Evacuating amid a pandemic is also making the situation much more chaotic.

Hurricane Laura is forecast to rapidly power up into a “catastrophic” Category 4 hurricane, even stronger than previously expected, as it churns toward Texas and Louisiana, swirling wind and water over much of the Gulf of Mexico.

Satellite images show Laura has become “a formidable hurricane” in recent hours, threatening to smash homes and sink entire communities. It has undergone a remarkable intensification, “and there are no signs it will stop soon,” the National Hurricane Center said early Wednesday.

Laura grew nearly 70% in power in just 24 hours to reach Category 3 status, with maximum sustained winds around 115 mph (185 kph) on Wednesday morning. It was about 280 miles (450 kilometers) out of Lake Charles, Louisiana, moving northwest at 15 mph (24 kph).

Top winds of 130 mph (209 kmh) are now predicted before landfall, pushing water onto more than 450 miles (724 kilometers) of coast from Texas to Mississippi. Hurricane warnings were issued from San Luis Pass, Texas, to Intracoastal City, Louisiana, and storm surge warnings from the Port Arthur, Texas, flood protection system to the mouth of the Mississippi River.

A Category 4 hurricane will do catastrophic damage: “Power outages will last weeks to possibly months. Most of the area will be uninhabitable for weeks or months,” the weather service says.

In the largest U.S. evacuation of the pandemic, more than half a million people were ordered Tuesday to flee from an area of the Gulf Coast along the Texas-Louisiana state line.

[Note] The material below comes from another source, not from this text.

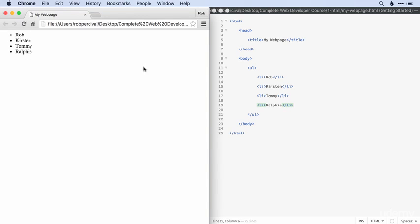There we go. So let's have a look and see what that looks like. Beautiful. So we've got Rob, Kirsten, Tommy, and Ralphie. So that's how you create an unordered list in HTML.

More than 385,000 residents were told to evacuate the Texas cities of Beaumont, Galveston and Port Arthur. Another 200,000 were ordered to leave the low-lying Calcasieu and Cameron parishes in southwestern Louisiana, where forecasters said as much as 13 feet (4 meters) of storm surge topped by waves could submerge whole communities.

In Galveston and Port Arthur, Texas, many people boarded buses to Austin and other inland cities. “If you decide to stay, you’re staying on your own,” Port Arthur Mayor Thurman Bartie said.

Laura also is expected to dump massive rainfall over a short period of time as it moves inland, causing widespread flash flooding in states far from the coast. Flash flood watches were issued for much of Arkansas, and forecasters said heavy rainfall could move to parts of Missouri, Tennessee and Kentucky late Friday and Saturday.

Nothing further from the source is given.